Walter looks at me with his blue eyes shining significantly, and I’m forced to look up squarely at Block Island again. “You never can tell, Walter. People are gone ten years, then one day they wake up in St. Petersburg on the Sunshine Skyway, and everything’s fine.”

“I know it. That’s true.” Walter stares down at his loafers. “We talked about the whole business, Frank. Yolanda and I. She thought the picture was some kind of a fake, a massage parlor or something phony. But I couldn’t. I didn’t know anymore than she did. Except here was a picture of this woman, Frank, looking like somebody’s mother somewhere, yours or mine, her hair all done up like the Forties, and a scared smile on her face like she knew she was in trouble, and I just was not ready to think fake. I told Yolanda she ought to believe it wasn’t a fake just because it might not be. You know what I mean?”

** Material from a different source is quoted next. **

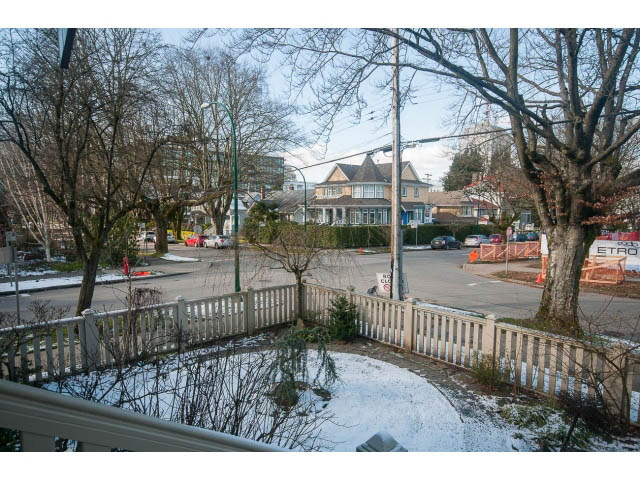 Bright living room with city view and snow-covered ground. - 398 W 13th Ave, Vancouver West Side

“I guess.” I saw the picture, in fact, twenty times at least. Whoever was running it had had the bright idea of putting it on the sports page of the Times , which I read just before the obits. I’d wondered myself if Ida Simms wasn’t a unisex barber shop or an erotic catering service, and sombody’d just thought of using a picture of his mother as an ad. I finally forgot about it and got interested in the spring trades.